**DATA SECTION:**
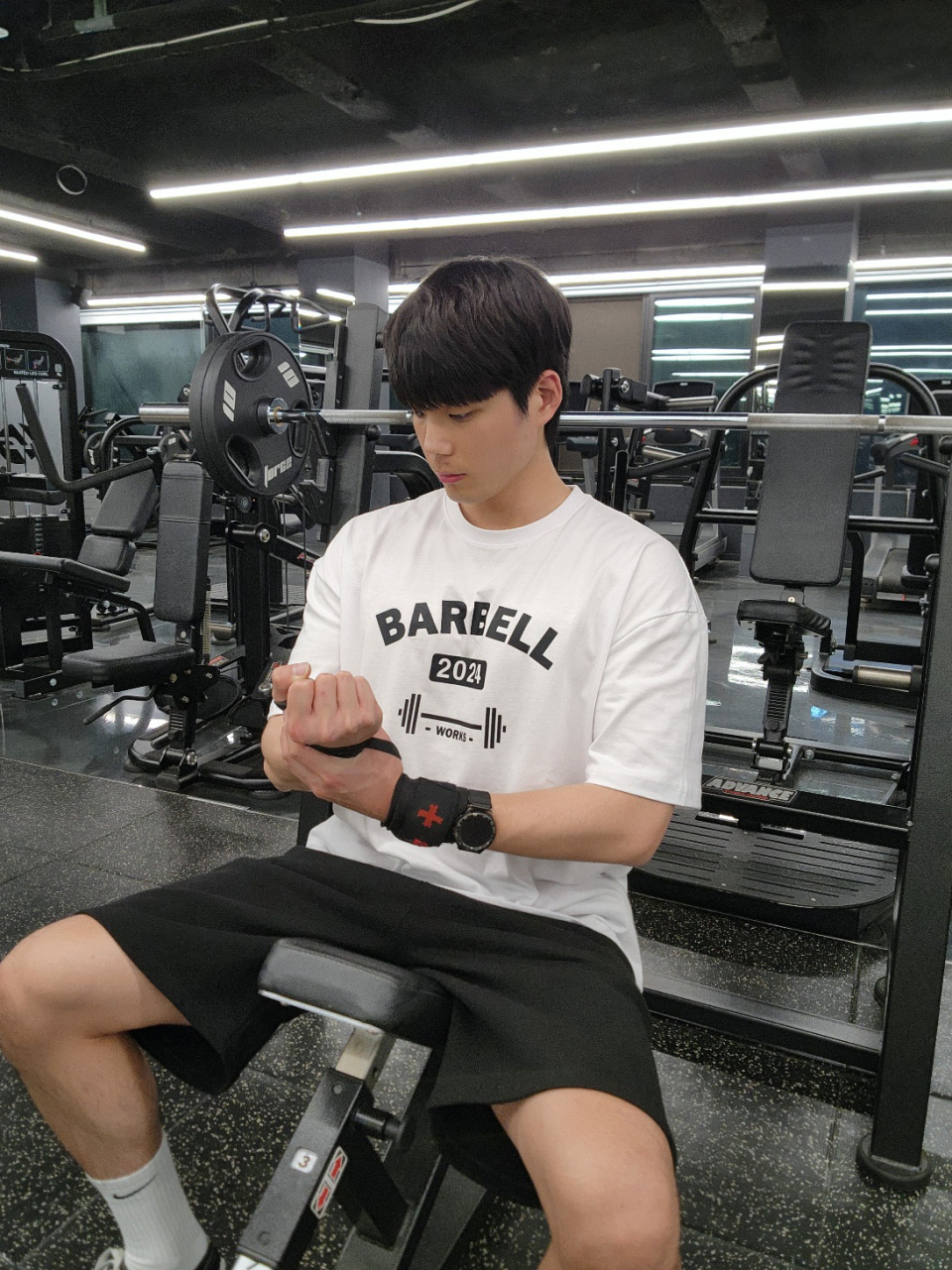 화이트티 모델컷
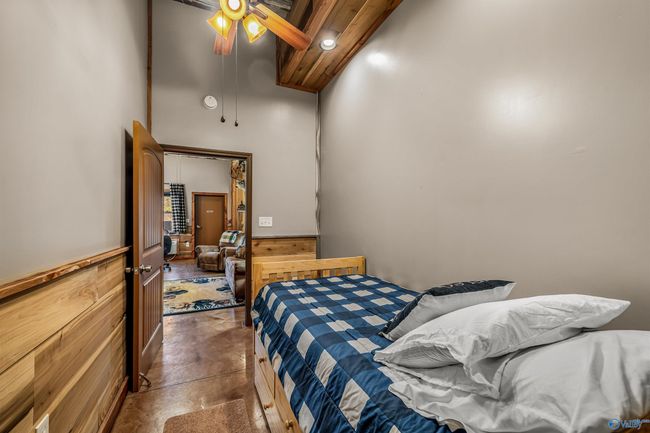 131-C Anderson St E, Home with 0 bedrooms, 2 bathrooms and null parking in Scottsboro AL | Image 38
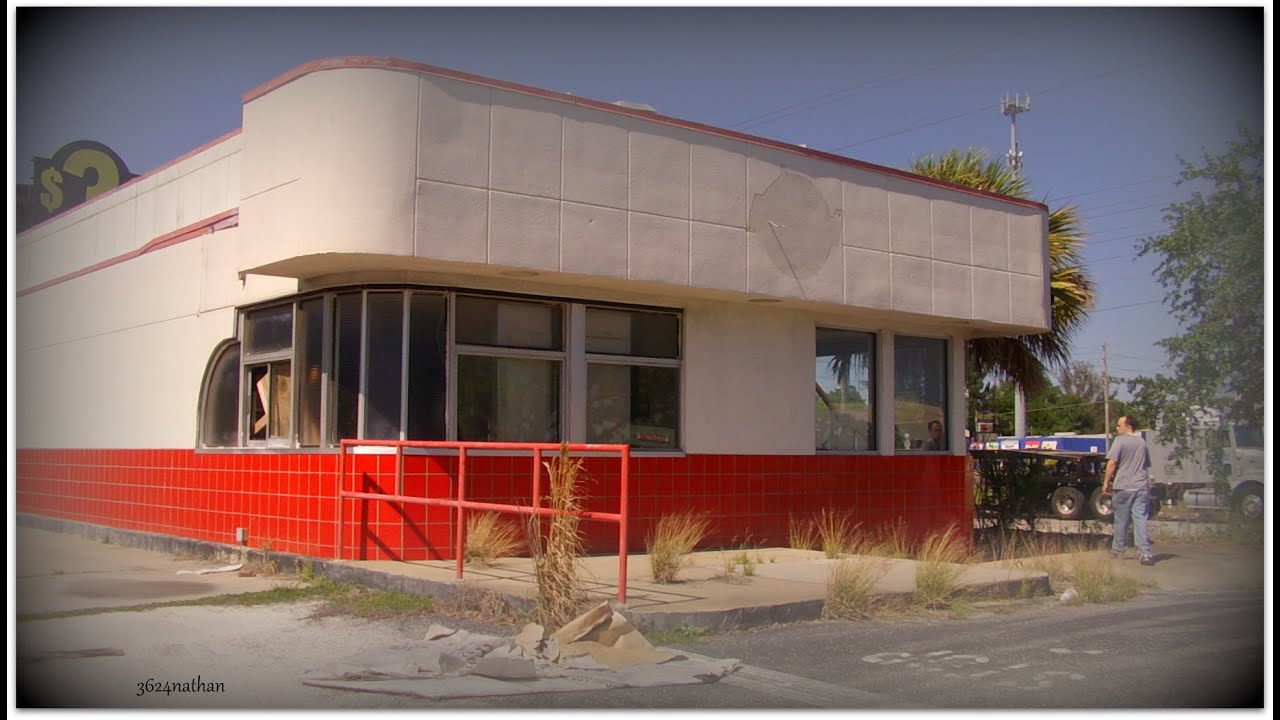 Abandoned Krystal's restaurant (Hudson,FL)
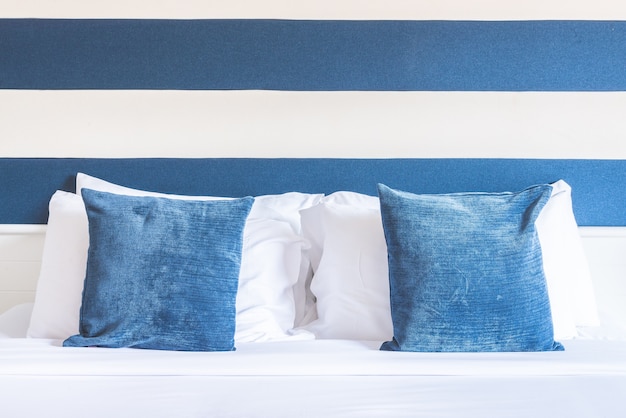 Jak wprowadzić morski klimat do sypialni dzięki odpowiednim wyborom tekstyliów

**DIRECTIONS FOR THIS TASK:** All of the preceding material should be output verbatim, with the pictures excluded.

**ANSWER TO THE EXERCISE:**
 화이트티 모델컷
 131-C Anderson St E, Home with 0 bedrooms, 2 bathrooms and null parking in Scottsboro AL | Image 38
 Abandoned Krystal's restaurant (Hudson,FL)
 Jak wprowadzić morski klimat do sypialni dzięki odpowiednim wyborom tekstyliów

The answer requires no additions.